Your task:
Return an exact copy of the entries, skipping any picture you find.

(Captioned web image data)
=== Begin Enclosure ===

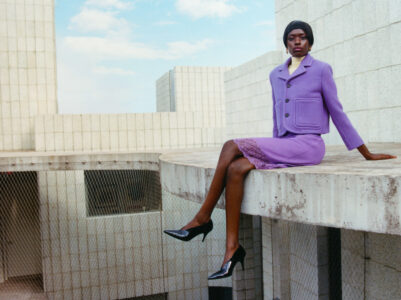 A person sits confidently on the edge of a concrete platform, dressed in a chic lavender outfit consisting of a jacket and skirt, complemented by black heeled shoes. The geometric architecture of white, block-like structures surrounds them, under a partly cloudy sky, creating a harmonious blend of fashion and modern architectural elements.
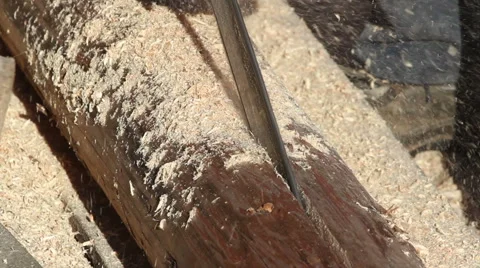 Cutting timber onto halves using chainsaw Stock Footage 57273835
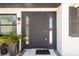 Elegant dark-colored front door featuring sidelights and decorative accents, enhancing the home's curb appeal at 75 Virginia Ct, Englewood, FL 34223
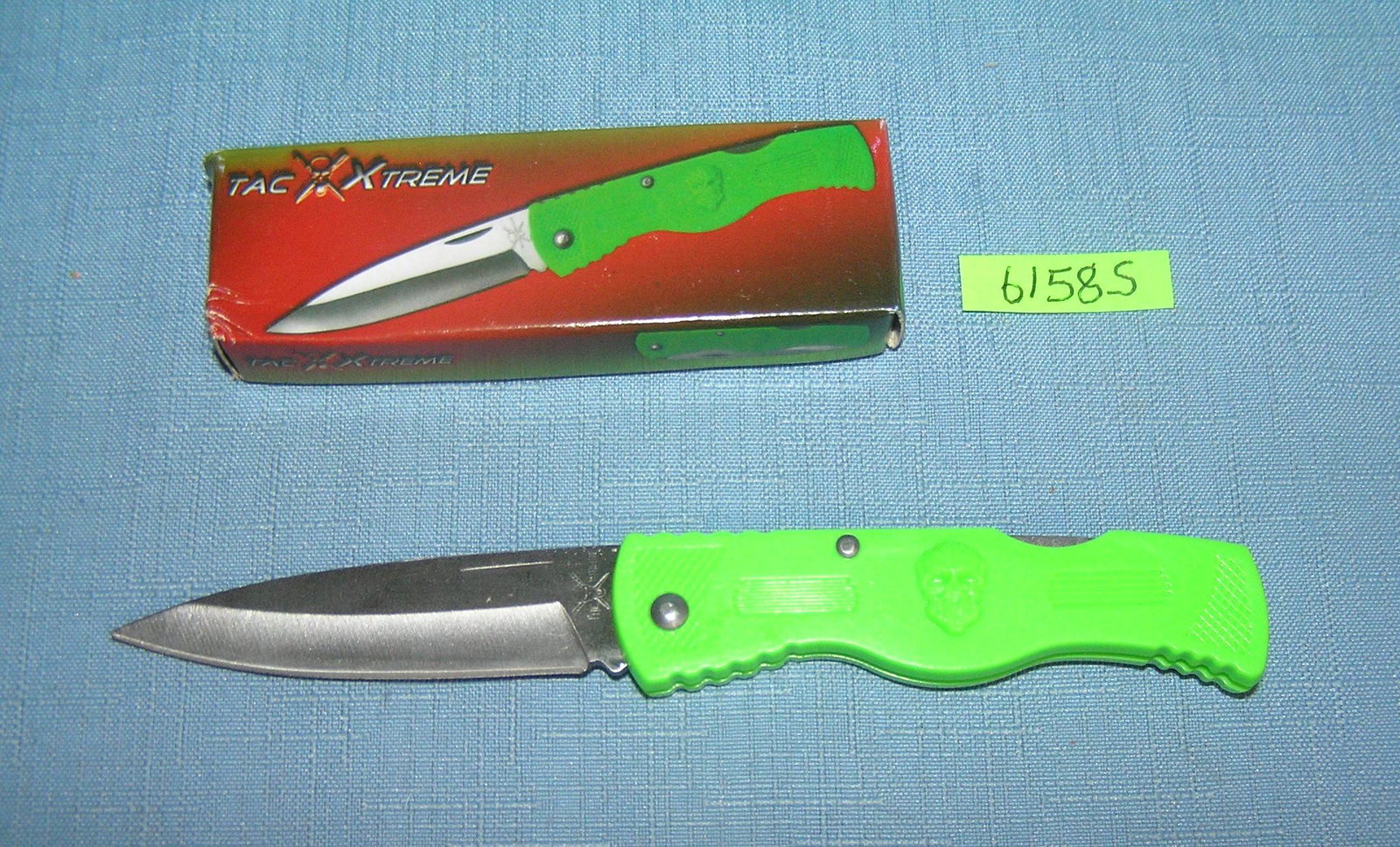 Tactical Green Zombie pocket knife with box: Tactical Green Zombie pocket knife with box est. value $25.00-$30.00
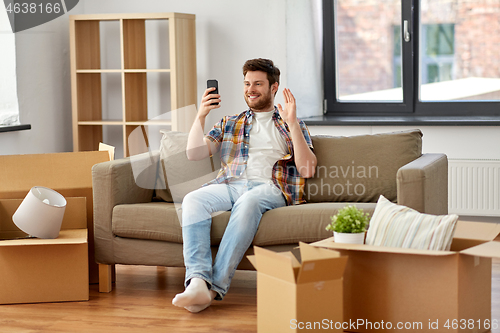 Image of man with smartphone having video call at new home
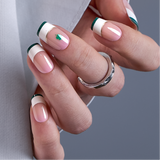 Shimmer Clover medium squoval press-on nails worn on a hand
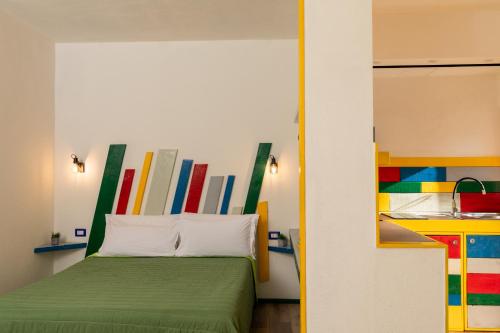 Una cama o camas en una habitación de OlbiaLoft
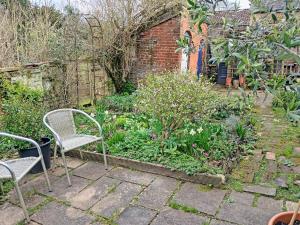 a patio with two chairs and a garden at Sunnyside in Yoxford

=== End Enclosure ===

Response to this task:
 A person sits confidently on the edge of a concrete platform, dressed in a chic lavender outfit consisting of a jacket and skirt, complemented by black heeled shoes. The geometric architecture of white, block-like structures surrounds them, under a partly cloudy sky, creating a harmonious blend of fashion and modern architectural elements.
 Cutting timber onto halves using chainsaw Stock Footage 57273835
 Elegant dark-colored front door featuring sidelights and decorative accents, enhancing the home's curb appeal at 75 Virginia Ct, Englewood, FL 34223
 Tactical Green Zombie pocket knife with box: Tactical Green Zombie pocket knife with box est. value $25.00-$30.00
 Image of man with smartphone having video call at new home
 Shimmer Clover medium squoval press-on nails worn on a hand
 Una cama o camas en una habitación de OlbiaLoft
 a patio with two chairs and a garden at Sunnyside in Yoxford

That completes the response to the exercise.